▽

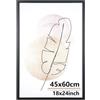 Generico Set di 3 Cornici Nere da Parete 45x60 cm per Poster | Uso da Tavolo e Parete, Per Foto e Opere d'Arte, Decorazione Soggiorno, Camera da Letto e Studio, Formato 60,96x91,44 cm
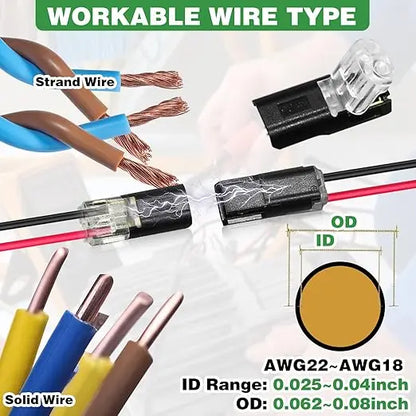 50 Pack 2 Pin Wire Connectors, Tool-Free No-Strip Quick Splice for LED Strip Lights, 22–18 AWG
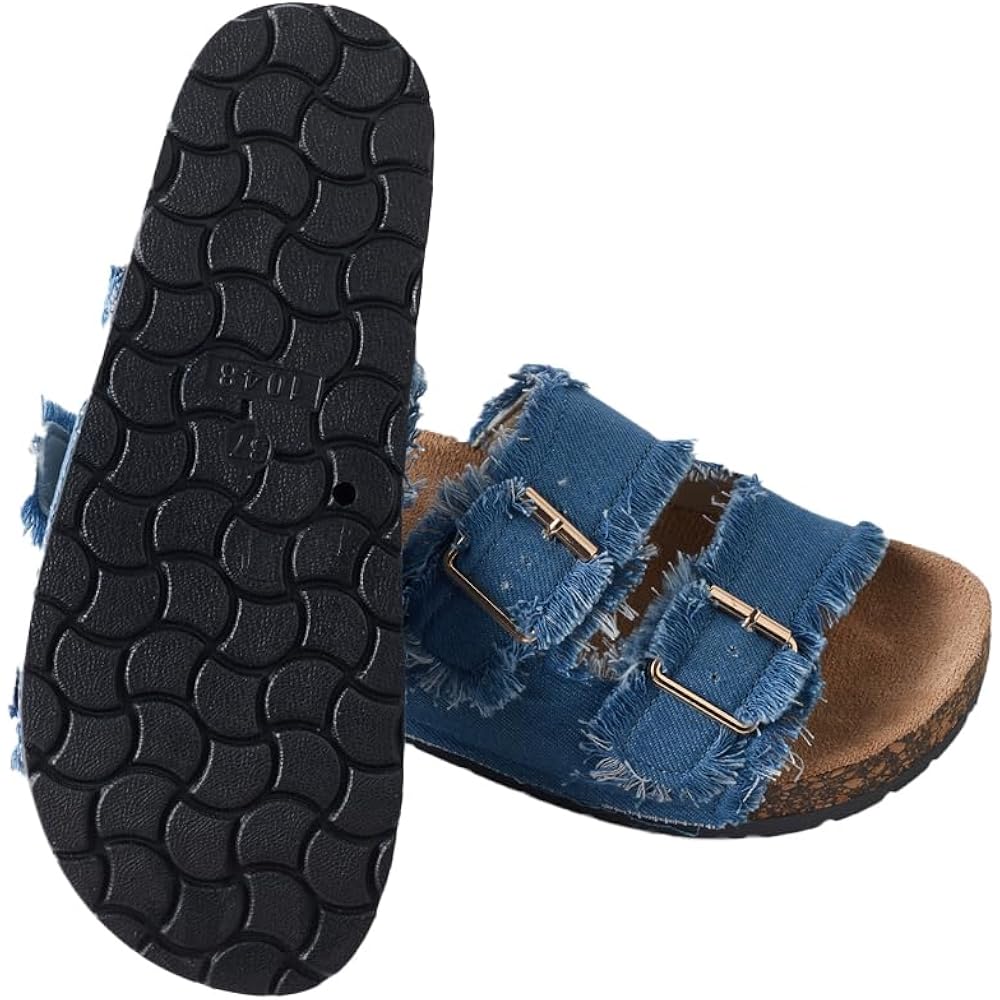 Roxoni Women'S Comfort Flat Sandals Double Buckle Adjustable Straps Flat Slides Footbed Suede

△

TASK DIRECTIONS -
All of the material above goes into the copy exactly as is; the pictures do not.

RESPONSE BELOW -
 Generico Set di 3 Cornici Nere da Parete 45x60 cm per Poster | Uso da Tavolo e Parete, Per Foto e Opere d'Arte, Decorazione Soggiorno, Camera da Letto e Studio, Formato 60,96x91,44 cm
 50 Pack 2 Pin Wire Connectors, Tool-Free No-Strip Quick Splice for LED Strip Lights, 22–18 AWG
 Roxoni Women'S Comfort Flat Sandals Double Buckle Adjustable Straps Flat Slides Footbed Suede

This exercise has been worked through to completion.